**Work instruction**
Transcribe each record exactly as it appears.

**Materials provided**
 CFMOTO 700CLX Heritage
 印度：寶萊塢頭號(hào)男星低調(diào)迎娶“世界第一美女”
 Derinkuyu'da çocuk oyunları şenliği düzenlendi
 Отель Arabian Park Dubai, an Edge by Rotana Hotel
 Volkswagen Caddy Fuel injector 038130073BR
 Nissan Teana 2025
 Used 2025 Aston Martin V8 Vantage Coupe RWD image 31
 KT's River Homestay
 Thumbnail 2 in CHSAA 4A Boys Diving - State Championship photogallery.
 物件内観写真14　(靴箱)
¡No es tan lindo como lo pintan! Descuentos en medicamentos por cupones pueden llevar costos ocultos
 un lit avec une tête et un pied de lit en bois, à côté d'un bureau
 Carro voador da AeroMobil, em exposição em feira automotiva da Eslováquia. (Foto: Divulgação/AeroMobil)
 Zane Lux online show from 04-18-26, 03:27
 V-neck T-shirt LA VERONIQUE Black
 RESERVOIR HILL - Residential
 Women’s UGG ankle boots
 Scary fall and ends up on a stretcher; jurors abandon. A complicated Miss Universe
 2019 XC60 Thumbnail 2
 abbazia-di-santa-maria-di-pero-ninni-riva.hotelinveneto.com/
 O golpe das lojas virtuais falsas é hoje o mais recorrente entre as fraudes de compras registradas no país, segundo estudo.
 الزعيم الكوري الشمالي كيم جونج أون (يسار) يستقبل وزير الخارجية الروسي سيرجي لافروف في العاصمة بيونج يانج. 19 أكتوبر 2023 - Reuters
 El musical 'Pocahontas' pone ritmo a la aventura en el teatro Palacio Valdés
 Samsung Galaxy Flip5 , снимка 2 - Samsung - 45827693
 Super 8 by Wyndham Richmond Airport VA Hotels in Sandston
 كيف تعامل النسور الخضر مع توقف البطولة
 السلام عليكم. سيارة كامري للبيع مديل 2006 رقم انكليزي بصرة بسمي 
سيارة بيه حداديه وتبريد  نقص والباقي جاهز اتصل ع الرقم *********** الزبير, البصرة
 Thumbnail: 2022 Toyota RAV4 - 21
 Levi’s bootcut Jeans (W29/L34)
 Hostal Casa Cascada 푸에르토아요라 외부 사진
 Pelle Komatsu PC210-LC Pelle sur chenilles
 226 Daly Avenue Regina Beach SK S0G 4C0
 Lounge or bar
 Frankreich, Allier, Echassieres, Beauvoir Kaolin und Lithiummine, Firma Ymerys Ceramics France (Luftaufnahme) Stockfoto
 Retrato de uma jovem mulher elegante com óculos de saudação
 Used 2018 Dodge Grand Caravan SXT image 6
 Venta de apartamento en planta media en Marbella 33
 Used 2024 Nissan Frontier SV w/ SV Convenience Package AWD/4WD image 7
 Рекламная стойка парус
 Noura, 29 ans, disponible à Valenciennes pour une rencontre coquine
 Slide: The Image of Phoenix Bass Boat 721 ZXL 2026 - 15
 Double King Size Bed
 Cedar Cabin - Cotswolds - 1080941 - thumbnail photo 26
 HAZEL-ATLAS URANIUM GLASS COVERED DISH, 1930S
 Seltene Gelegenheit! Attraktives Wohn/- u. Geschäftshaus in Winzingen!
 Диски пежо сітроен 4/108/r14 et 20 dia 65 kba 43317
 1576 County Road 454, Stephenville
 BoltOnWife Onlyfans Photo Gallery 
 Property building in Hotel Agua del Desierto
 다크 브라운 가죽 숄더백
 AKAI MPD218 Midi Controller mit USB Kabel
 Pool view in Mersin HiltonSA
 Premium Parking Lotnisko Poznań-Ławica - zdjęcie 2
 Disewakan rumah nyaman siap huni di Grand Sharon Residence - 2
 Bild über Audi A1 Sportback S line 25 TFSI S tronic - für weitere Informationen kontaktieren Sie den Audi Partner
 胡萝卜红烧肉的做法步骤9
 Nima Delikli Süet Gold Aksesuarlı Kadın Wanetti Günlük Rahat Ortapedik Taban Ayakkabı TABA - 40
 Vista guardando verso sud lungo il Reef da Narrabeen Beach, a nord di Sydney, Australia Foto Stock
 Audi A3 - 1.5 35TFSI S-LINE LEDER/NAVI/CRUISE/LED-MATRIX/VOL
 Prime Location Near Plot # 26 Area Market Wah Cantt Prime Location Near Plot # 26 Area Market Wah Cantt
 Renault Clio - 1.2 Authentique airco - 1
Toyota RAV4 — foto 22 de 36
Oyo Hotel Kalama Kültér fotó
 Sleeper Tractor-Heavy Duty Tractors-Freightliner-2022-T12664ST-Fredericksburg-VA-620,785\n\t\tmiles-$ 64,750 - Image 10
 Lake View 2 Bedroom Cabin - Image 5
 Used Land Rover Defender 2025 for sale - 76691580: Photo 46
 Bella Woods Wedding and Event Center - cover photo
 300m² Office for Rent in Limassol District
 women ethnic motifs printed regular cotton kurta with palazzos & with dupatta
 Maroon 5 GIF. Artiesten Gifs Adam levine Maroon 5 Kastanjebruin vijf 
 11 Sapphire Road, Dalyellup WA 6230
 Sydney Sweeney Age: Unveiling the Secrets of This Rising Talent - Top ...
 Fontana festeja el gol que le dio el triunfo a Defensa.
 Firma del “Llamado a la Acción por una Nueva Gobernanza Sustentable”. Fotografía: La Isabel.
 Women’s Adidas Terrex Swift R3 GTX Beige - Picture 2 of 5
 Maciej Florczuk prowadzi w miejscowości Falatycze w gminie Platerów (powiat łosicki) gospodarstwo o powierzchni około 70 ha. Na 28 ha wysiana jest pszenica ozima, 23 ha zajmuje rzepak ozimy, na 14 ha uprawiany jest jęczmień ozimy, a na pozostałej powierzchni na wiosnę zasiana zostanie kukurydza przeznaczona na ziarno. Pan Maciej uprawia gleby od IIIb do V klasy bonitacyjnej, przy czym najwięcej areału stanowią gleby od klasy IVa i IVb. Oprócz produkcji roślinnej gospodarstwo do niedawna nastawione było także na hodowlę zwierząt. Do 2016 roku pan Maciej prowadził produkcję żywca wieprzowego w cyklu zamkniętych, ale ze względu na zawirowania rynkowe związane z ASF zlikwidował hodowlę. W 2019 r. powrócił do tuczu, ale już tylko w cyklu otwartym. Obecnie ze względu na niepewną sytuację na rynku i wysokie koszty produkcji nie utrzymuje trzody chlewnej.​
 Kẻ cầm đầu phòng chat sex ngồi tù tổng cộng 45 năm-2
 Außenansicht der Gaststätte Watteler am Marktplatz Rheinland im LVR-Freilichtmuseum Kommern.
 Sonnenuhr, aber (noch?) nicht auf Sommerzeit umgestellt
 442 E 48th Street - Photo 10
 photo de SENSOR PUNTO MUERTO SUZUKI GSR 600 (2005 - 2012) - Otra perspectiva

**Solved problem**
 CFMOTO 700CLX Heritage
 印度：寶萊塢頭號(hào)男星低調(diào)迎娶“世界第一美女”
 Derinkuyu'da çocuk oyunları şenliği düzenlendi
 Отель Arabian Park Dubai, an Edge by Rotana Hotel
 Volkswagen Caddy Fuel injector 038130073BR
 Nissan Teana 2025
 Used 2025 Aston Martin V8 Vantage Coupe RWD image 31
 KT's River Homestay
 Thumbnail 2 in CHSAA 4A Boys Diving - State Championship photogallery.
 物件内観写真14　(靴箱)
¡No es tan lindo como lo pintan! Descuentos en medicamentos por cupones pueden llevar costos ocultos
 un lit avec une tête et un pied de lit en bois, à côté d'un bureau
 Carro voador da AeroMobil, em exposição em feira automotiva da Eslováquia. (Foto: Divulgação/AeroMobil)
 Zane Lux online show from 04-18-26, 03:27
 V-neck T-shirt LA VERONIQUE Black
 RESERVOIR HILL - Residential
 Women’s UGG ankle boots
 Scary fall and ends up on a stretcher; jurors abandon. A complicated Miss Universe
 2019 XC60 Thumbnail 2
 abbazia-di-santa-maria-di-pero-ninni-riva.hotelinveneto.com/
 O golpe das lojas virtuais falsas é hoje o mais recorrente entre as fraudes de compras registradas no país, segundo estudo.
 الزعيم الكوري الشمالي كيم جونج أون (يسار) يستقبل وزير الخارجية الروسي سيرجي لافروف في العاصمة بيونج يانج. 19 أكتوبر 2023 - Reuters
 El musical 'Pocahontas' pone ritmo a la aventura en el teatro Palacio Valdés
 Samsung Galaxy Flip5 , снимка 2 - Samsung - 45827693
 Super 8 by Wyndham Richmond Airport VA Hotels in Sandston
 كيف تعامل النسور الخضر مع توقف البطولة
 السلام عليكم. سيارة كامري للبيع مديل 2006 رقم انكليزي بصرة بسمي 
سيارة بيه حداديه وتبريد  نقص والباقي جاهز اتصل ع الرقم *********** الزبير, البصرة
 Thumbnail: 2022 Toyota RAV4 - 21
 Levi’s bootcut Jeans (W29/L34)
 Hostal Casa Cascada 푸에르토아요라 외부 사진
 Pelle Komatsu PC210-LC Pelle sur chenilles
 226 Daly Avenue Regina Beach SK S0G 4C0
 Lounge or bar
 Frankreich, Allier, Echassieres, Beauvoir Kaolin und Lithiummine, Firma Ymerys Ceramics France (Luftaufnahme) Stockfoto
 Retrato de uma jovem mulher elegante com óculos de saudação
 Used 2018 Dodge Grand Caravan SXT image 6
 Venta de apartamento en planta media en Marbella 33
 Used 2024 Nissan Frontier SV w/ SV Convenience Package AWD/4WD image 7
 Рекламная стойка парус
 Noura, 29 ans, disponible à Valenciennes pour une rencontre coquine
 Slide: The Image of Phoenix Bass Boat 721 ZXL 2026 - 15
 Double King Size Bed
 Cedar Cabin - Cotswolds - 1080941 - thumbnail photo 26
 HAZEL-ATLAS URANIUM GLASS COVERED DISH, 1930S
 Seltene Gelegenheit! Attraktives Wohn/- u. Geschäftshaus in Winzingen!
 Диски пежо сітроен 4/108/r14 et 20 dia 65 kba 43317
 1576 County Road 454, Stephenville
 BoltOnWife Onlyfans Photo Gallery 
 Property building in Hotel Agua del Desierto
 다크 브라운 가죽 숄더백
 AKAI MPD218 Midi Controller mit USB Kabel
 Pool view in Mersin HiltonSA
 Premium Parking Lotnisko Poznań-Ławica - zdjęcie 2
 Disewakan rumah nyaman siap huni di Grand Sharon Residence - 2
 Bild über Audi A1 Sportback S line 25 TFSI S tronic - für weitere Informationen kontaktieren Sie den Audi Partner
 胡萝卜红烧肉的做法步骤9
 Nima Delikli Süet Gold Aksesuarlı Kadın Wanetti Günlük Rahat Ortapedik Taban Ayakkabı TABA - 40
 Vista guardando verso sud lungo il Reef da Narrabeen Beach, a nord di Sydney, Australia Foto Stock
 Audi A3 - 1.5 35TFSI S-LINE LEDER/NAVI/CRUISE/LED-MATRIX/VOL
 Prime Location Near Plot # 26 Area Market Wah Cantt Prime Location Near Plot # 26 Area Market Wah Cantt
 Renault Clio - 1.2 Authentique airco - 1
Toyota RAV4 — foto 22 de 36
Oyo Hotel Kalama Kültér fotó
 Sleeper Tractor-Heavy Duty Tractors-Freightliner-2022-T12664ST-Fredericksburg-VA-620,785\n\t\tmiles-$ 64,750 - Image 10
 Lake View 2 Bedroom Cabin - Image 5
 Used Land Rover Defender 2025 for sale - 76691580: Photo 46
 Bella Woods Wedding and Event Center - cover photo
 300m² Office for Rent in Limassol District
 women ethnic motifs printed regular cotton kurta with palazzos & with dupatta
 Maroon 5 GIF. Artiesten Gifs Adam levine Maroon 5 Kastanjebruin vijf 
 11 Sapphire Road, Dalyellup WA 6230
 Sydney Sweeney Age: Unveiling the Secrets of This Rising Talent - Top ...
 Fontana festeja el gol que le dio el triunfo a Defensa.
 Firma del “Llamado a la Acción por una Nueva Gobernanza Sustentable”. Fotografía: La Isabel.
 Women’s Adidas Terrex Swift R3 GTX Beige - Picture 2 of 5
 Maciej Florczuk prowadzi w miejscowości Falatycze w gminie Platerów (powiat łosicki) gospodarstwo o powierzchni około 70 ha. Na 28 ha wysiana jest pszenica ozima, 23 ha zajmuje rzepak ozimy, na 14 ha uprawiany jest jęczmień ozimy, a na pozostałej powierzchni na wiosnę zasiana zostanie kukurydza przeznaczona na ziarno. Pan Maciej uprawia gleby od IIIb do V klasy bonitacyjnej, przy czym najwięcej areału stanowią gleby od klasy IVa i IVb. Oprócz produkcji roślinnej gospodarstwo do niedawna nastawione było także na hodowlę zwierząt. Do 2016 roku pan Maciej prowadził produkcję żywca wieprzowego w cyklu zamkniętych, ale ze względu na zawirowania rynkowe związane z ASF zlikwidował hodowlę. W 2019 r. powrócił do tuczu, ale już tylko w cyklu otwartym. Obecnie ze względu na niepewną sytuację na rynku i wysokie koszty produkcji nie utrzymuje trzody chlewnej.​
 Kẻ cầm đầu phòng chat sex ngồi tù tổng cộng 45 năm-2
 Außenansicht der Gaststätte Watteler am Marktplatz Rheinland im LVR-Freilichtmuseum Kommern.
 Sonnenuhr, aber (noch?) nicht auf Sommerzeit umgestellt
 442 E 48th Street - Photo 10
 photo de SENSOR PUNTO MUERTO SUZUKI GSR 600 (2005 - 2012) - Otra perspectiva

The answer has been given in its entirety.